Docteure Nittaya Phanuphak : Malgré des années de travail en Thaïlande autour de la réduction des risques — avec la distribution de seringues ou des campagnes de prévention —, les résultats ne suivaient pas : nous ne constations pas de baisse significative des infections au VIH ou à l’hépatite C, par exemple. C’est ce constat qui nous a poussés à élargir notre action dans le domaine des usages de substances. Nous avons donc plaidé pour un cadre de réduction des risques plus global, articulé autour de quatre grands axes : l’accompagnement ciblé selon les substances, avec des actions d’éducation sur les drogues, de prévention des overdoses, et la fourniture de seringues et d’aiguilles ; des services de santé sexuelle, qui sont déjà bien établis en Thaïlande, avec un accès au dépistage du VIH, à la PrEP, aux préservatifs, ainsi que des services de plus en plus inclusifs, avec une approche d’affirmation de genre, et une prise en charge des mères usagères de drogues ; la santé mentale : nous formons désormais les soignants de première ligne et les travailleurs communautaires pour qu’ils puissent repérer les troubles, proposer une écoute, un accompagnement ou une mise en sécurité en cas d’idées suicidaires ; le soutien juridique et social, qui ressort comme la priorité numéro un exprimée par les usagers de substances en Thaïlande. Dans le pays, les pratiques policières restent très intrusives : tests urinaires sur le bord de la route, fouilles abusives… et de nombreuses personnes ignorent leurs droits. Leur donner accès à des informations juridiques et à un soutien adapté est indispensable.

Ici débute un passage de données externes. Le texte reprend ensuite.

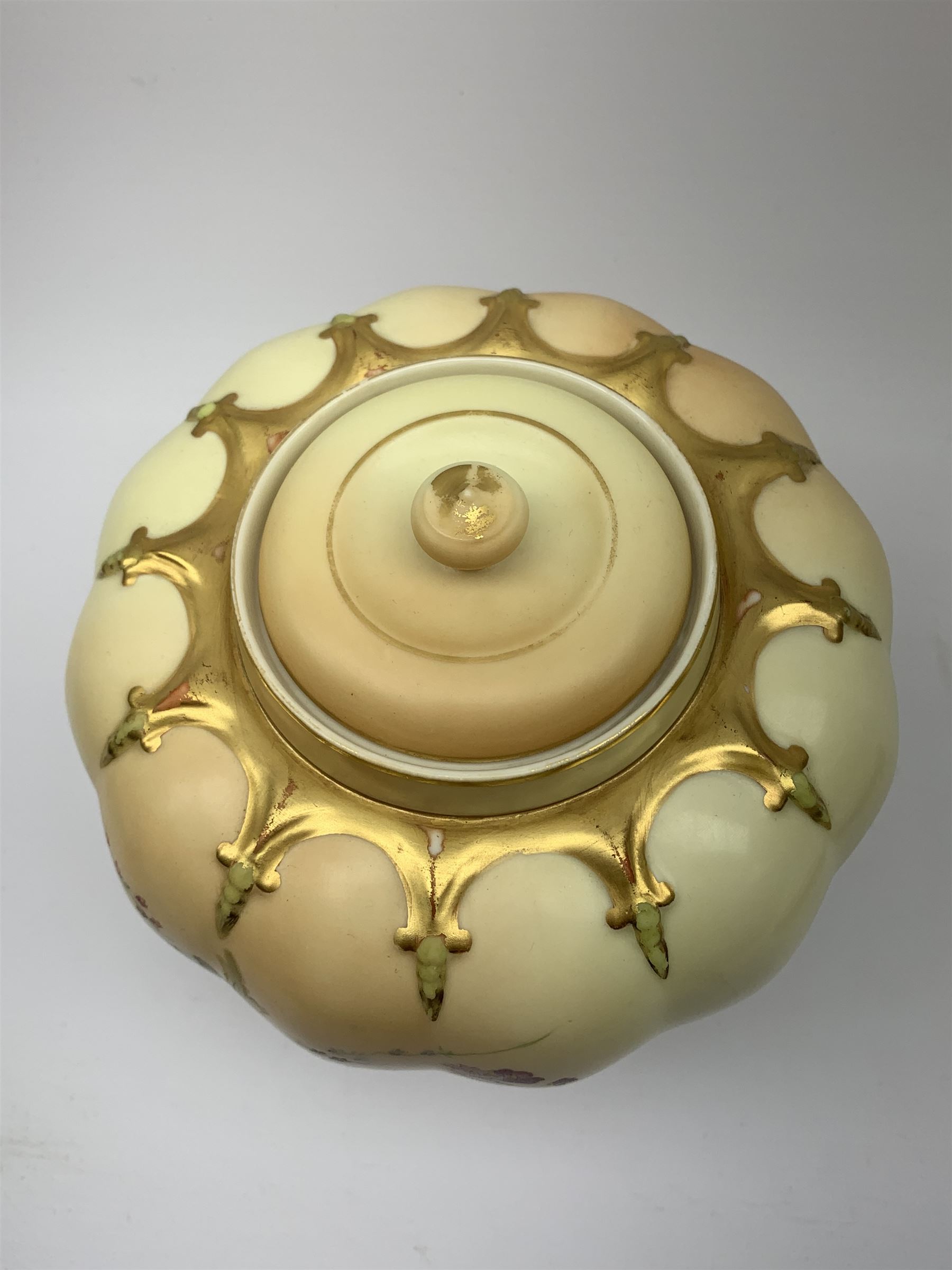 A Royal Worcester blush ivory potpourri jar and cover, of lobed form decorated with floral sprays and heightened with gilt, with printed marks beneath, RdNo112589, shape 1312, overall H19.5cm.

En tant que directrice exécutive de l’IHRI, quelles sont les missions prioritaires sur lesquelles vous travaillez ?
Docteure Nittaya Phanuphak : Notre mission porte sur la recherche, le renforcement des capacités et le plaidoyer politique. Sur le plan de la recherche, nous avons participé à des essais cliniques, notamment sur la PrEP injectable à longue durée d’action, et collaborons avec les différents acteurs pour que ces innovations soient réellement accessibles en Thaïlande, au-delà des essais. Nous développons un modèle communautaire de réduction des risques, que nous étendons à d’autres sites et adaptons aux femmes transgenres, avec une approche d’affirmation de genre. En ce qui concerne le renforcement des capacités, nous avons formé des intervenants de terrain — travailleurs du sexe, personnes LGBTQ+ — pour offrir des services de dépistage ainsi que de réduction des risques. Enfin, nous plaidons pour intégrer ces services dans la couverture santé universelle en Thaïlande, même si les programmes de distribution des seringues restent un sujet sensible.

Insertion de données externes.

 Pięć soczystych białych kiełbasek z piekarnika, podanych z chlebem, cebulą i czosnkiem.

Je souhaite préciser que tout ce travail et ces avancées sont menacés par des coupes budgétaires importantes, notamment du gouvernement des États-Unis et d’autres bailleurs. Les organisations de la société civile font ce qu’elles peuvent pour s’adapter et survivre, mais elles ne doivent pas porter ce combat seules : les gouvernements doivent aussi agir et appuyer leurs partenaires de la société civile.